**Aim of the task:**
Output the line containing "400 Saturnia Dr, Georgetown, TX" and each line after it through the end of the data, exactly as written, with pictures left out.

**Given records:**

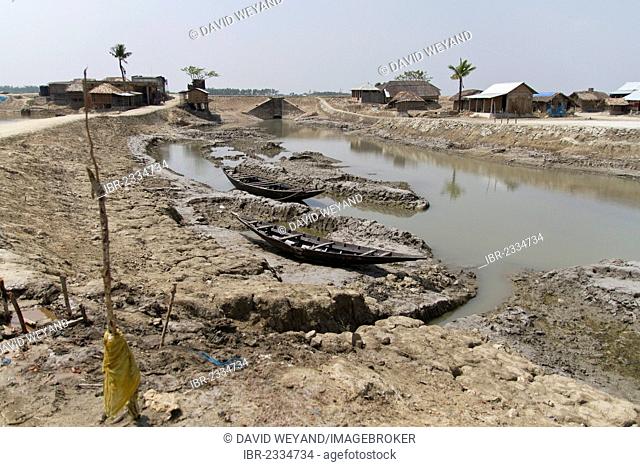 Two wooden boats in a parched riverbed, Cyclone Aila destroyed the dam and water flooded the former main street of Gabura in 2009, Sundabarns, Khulna District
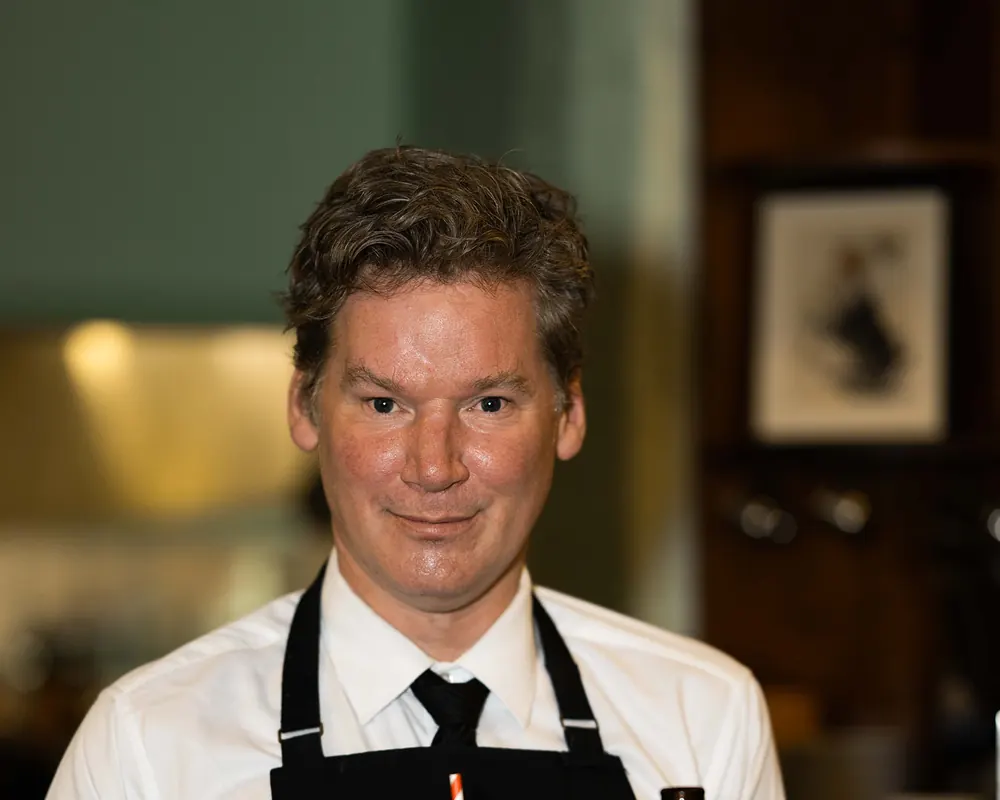 A smiling Grappino waiter in a black apron carrying a tray of drinks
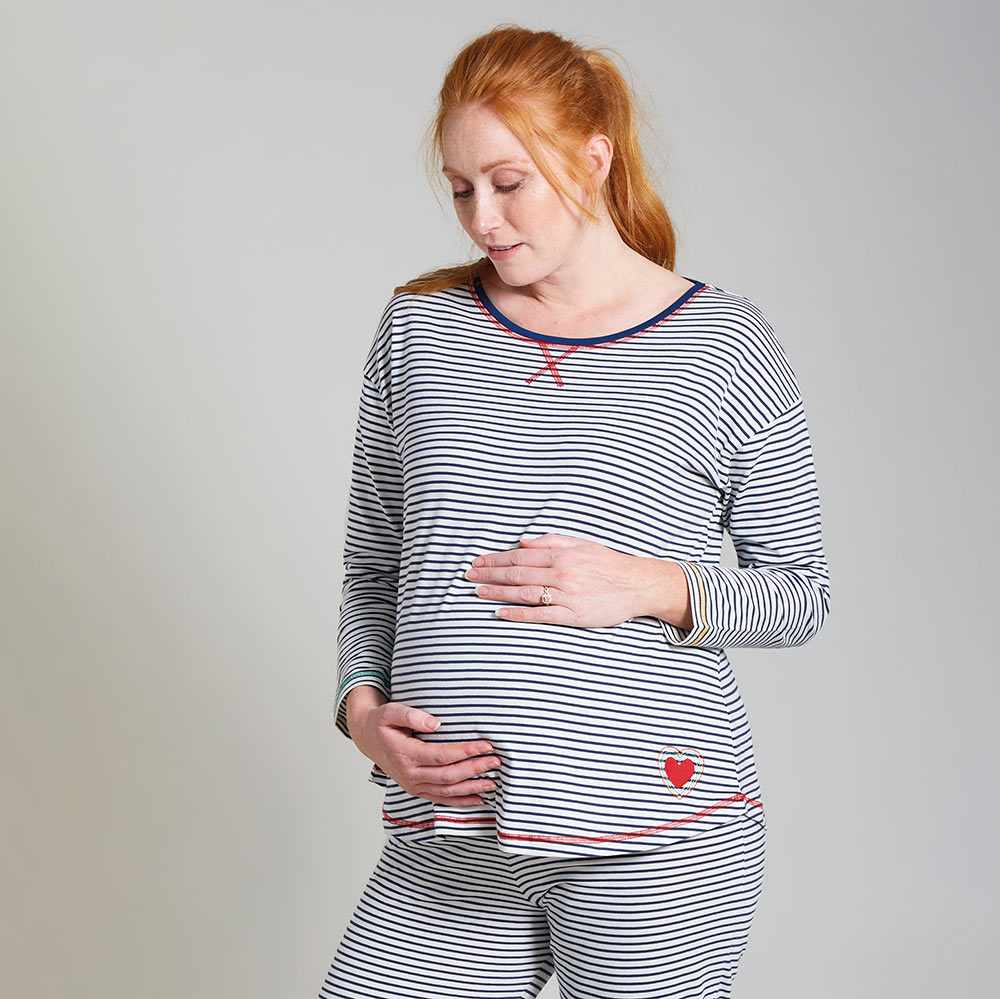 Woman modelling the Frugi long sleeve navy breton striped maternity and nursing pyjama top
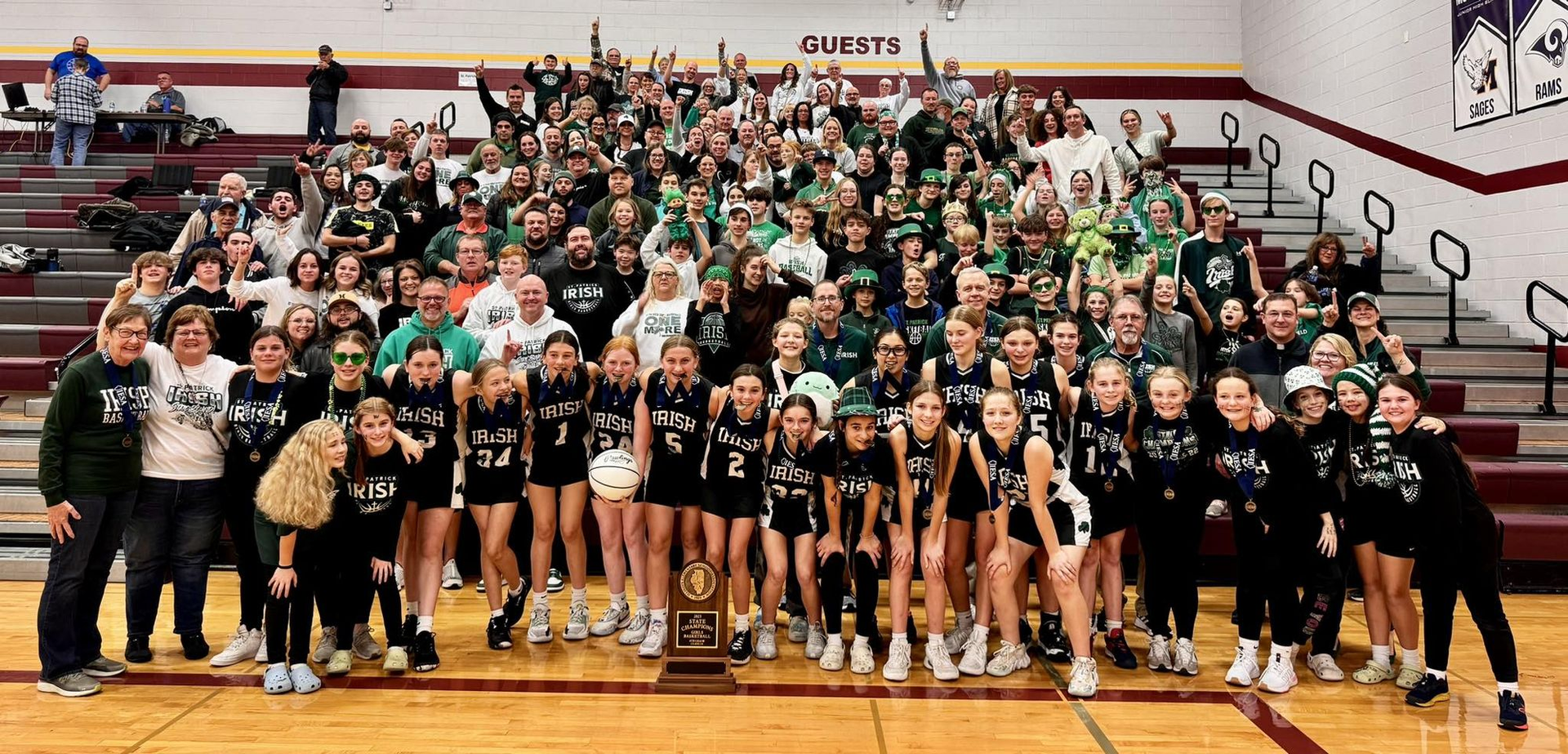 A large group of people, many wearing green and black, pose in a gymnasium, holding a trophy and celebrating.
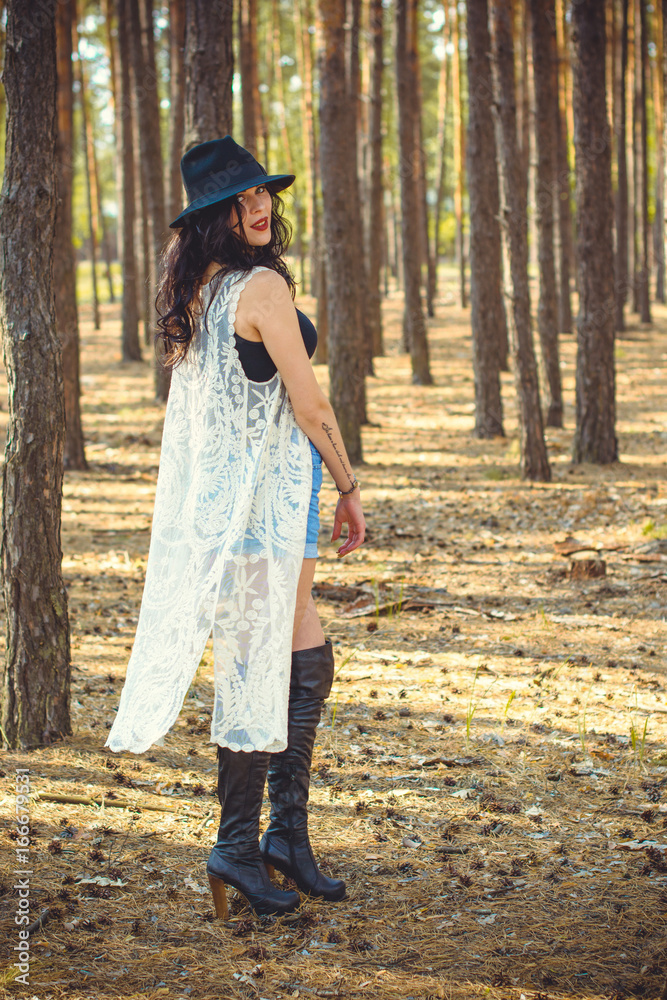 Stylish brunette woman walk into forest have a grace and charisma. Young lady in fedora black hat and interesting accessorize Stylish brunette woman walk into forest have a grace and charisma. Young lady in fedora black hat and interesting accessorize
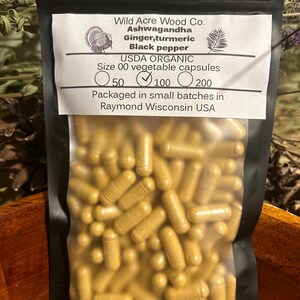 Peut inclure: Un sac en plastique transparent rempli d'une grande quantit&eacute; de capsules jaunes dor&eacute;es. Le sac est &eacute;tiquet&eacute; "Wild Acre Wood Co. Ashwagandha Gingembre, curcuma Poivre noir USDA ORGANIC Taille 00 capsules v&eacute;g&eacute;tales 50 100 200 Conditionn&eacute; en petits lots &agrave; Raymond Wisconsin USA"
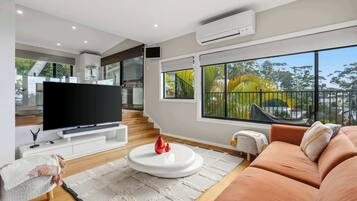 A modern living room with a flat-screen TV, a sofa, a coffee table, and a large window with a view of greenery.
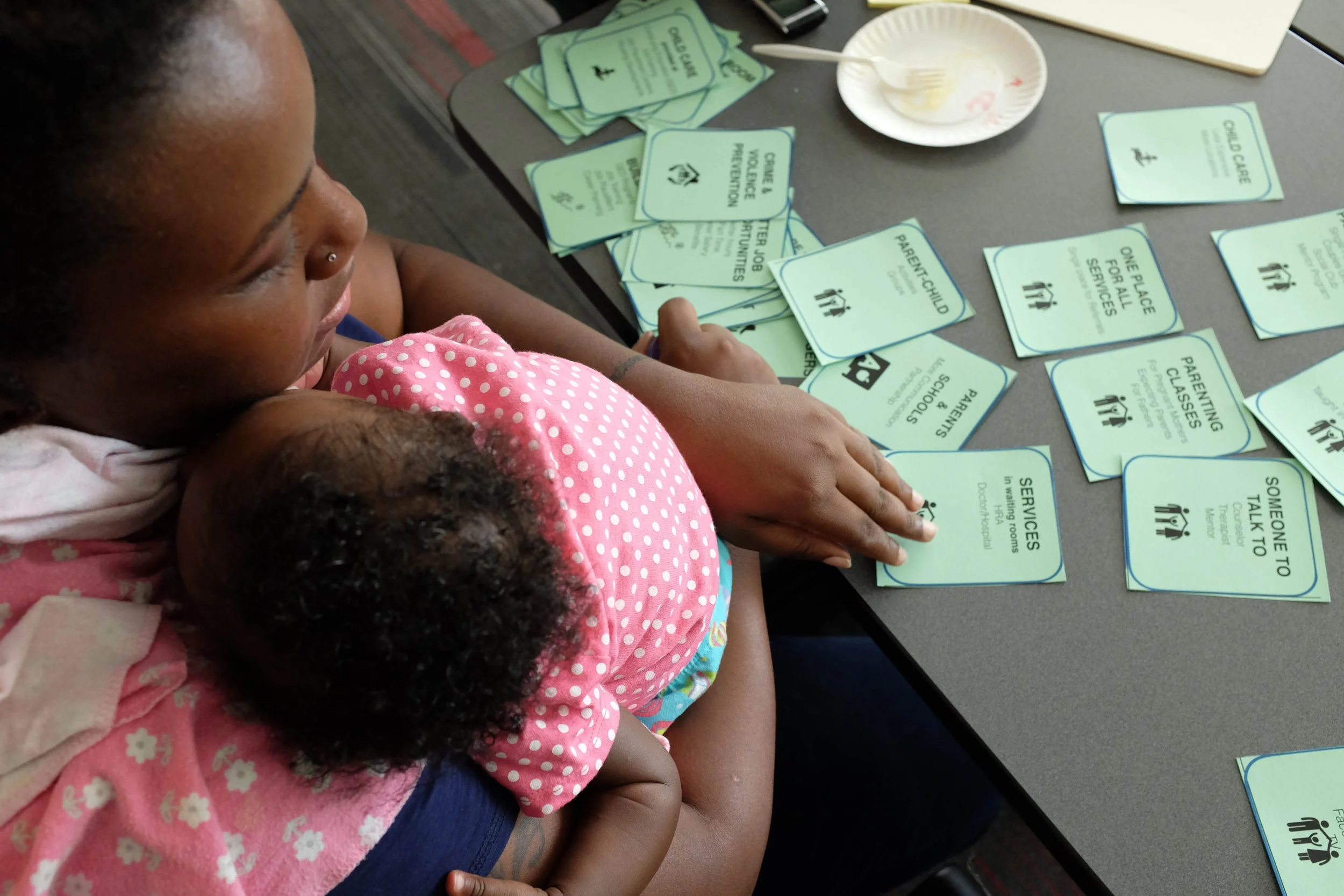 A woman and child sitting at a table with various green and blue informational cards about services and parenting. This was a participatory design activity called "card sort" used to identify which services and goals were important to that parent.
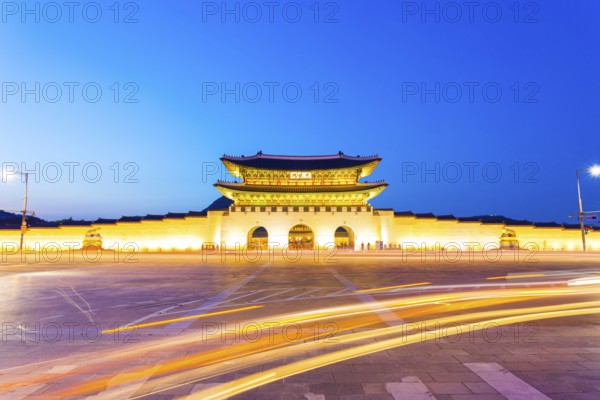 Long exposure car lights curving in front of Gwanghwamun main entrance gate to Gyeongbokgung Palace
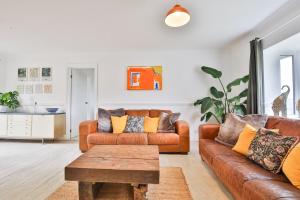 a living room with a couch and a coffee table at May Disc - Long Stay - Contractors in Bath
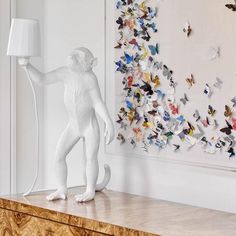 a white monkey lamp sitting on top of a dresser next to a wall with butterflies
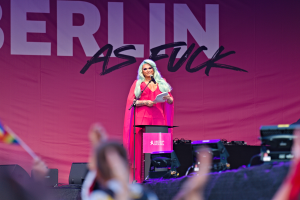 Eine Frau in einem rosa Kleid steht an einem Podium mit einem Mikrofon und Papier und spricht zu einer Menge mit einem "Berlin as Fuck"-Plakat im Hintergrund.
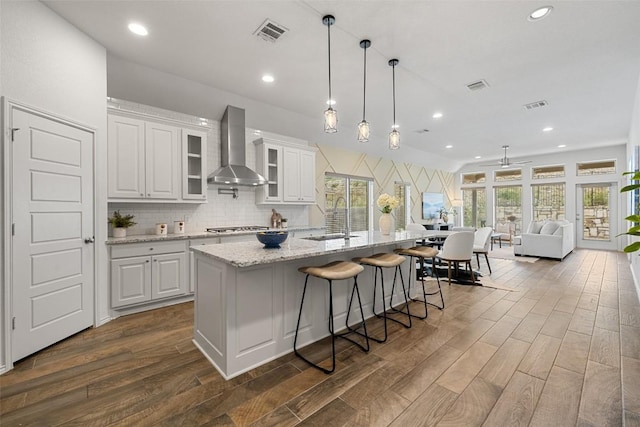 400 Saturnia Dr, Georgetown, TX 78613 - kitchen featuring wall chimney range hood, a sink, dark wood finished floors, tasteful backsplash, and an island with sink
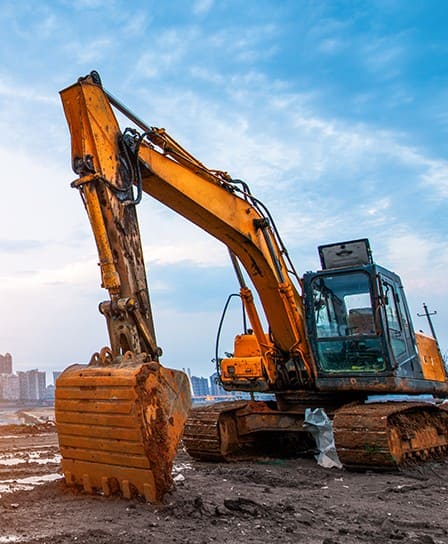 Excavadora hidráulica amarilla con orugas, operando en un sitio de construcción con suelo fangoso y edificios en el fondo. Su brazo y cuchara muestran signos de uso intenso y óxido, lo que indica un trabajo en condiciones exigentes.
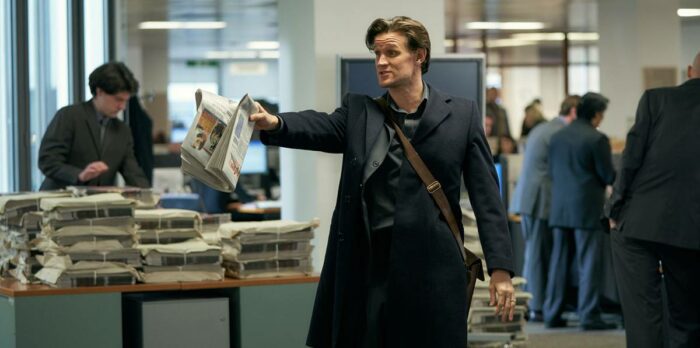 Journalist Martin Bright (Matt Smith) holds up a newspaper in the editors office
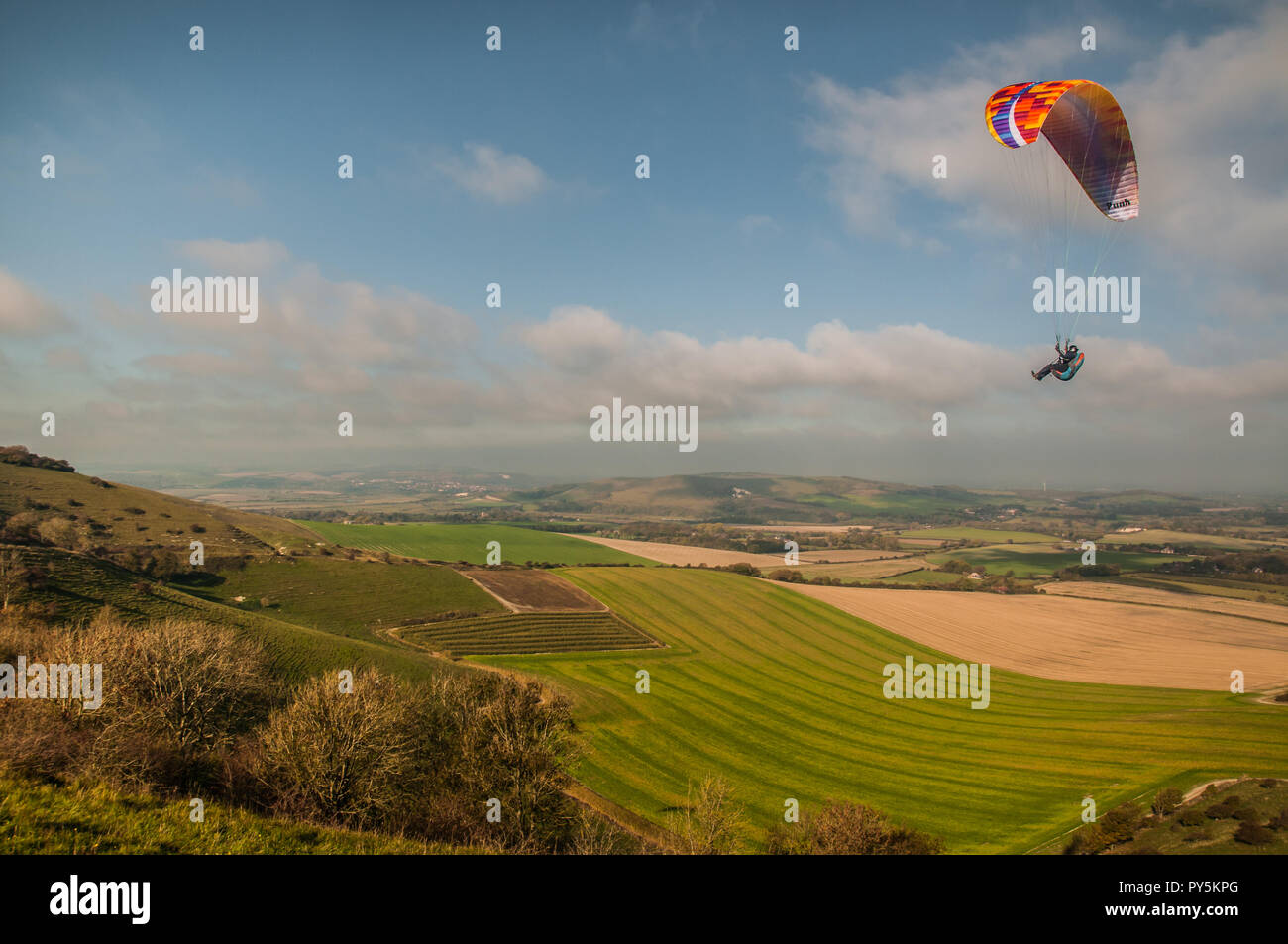 Firle, Lewes, East Sussex, Regno Unito. 25 ottobre 2018..un vento freddo dal Nord porta piloti di parapendio a Firle Beacon nella bella South Downs. Foto Stock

**Written solution:**
 400 Saturnia Dr, Georgetown, TX 78613 - kitchen featuring wall chimney range hood, a sink, dark wood finished floors, tasteful backsplash, and an island with sink
 Excavadora hidráulica amarilla con orugas, operando en un sitio de construcción con suelo fangoso y edificios en el fondo. Su brazo y cuchara muestran signos de uso intenso y óxido, lo que indica un trabajo en condiciones exigentes.
 Journalist Martin Bright (Matt Smith) holds up a newspaper in the editors office
 Firle, Lewes, East Sussex, Regno Unito. 25 ottobre 2018..un vento freddo dal Nord porta piloti di parapendio a Firle Beacon nella bella South Downs. Foto Stock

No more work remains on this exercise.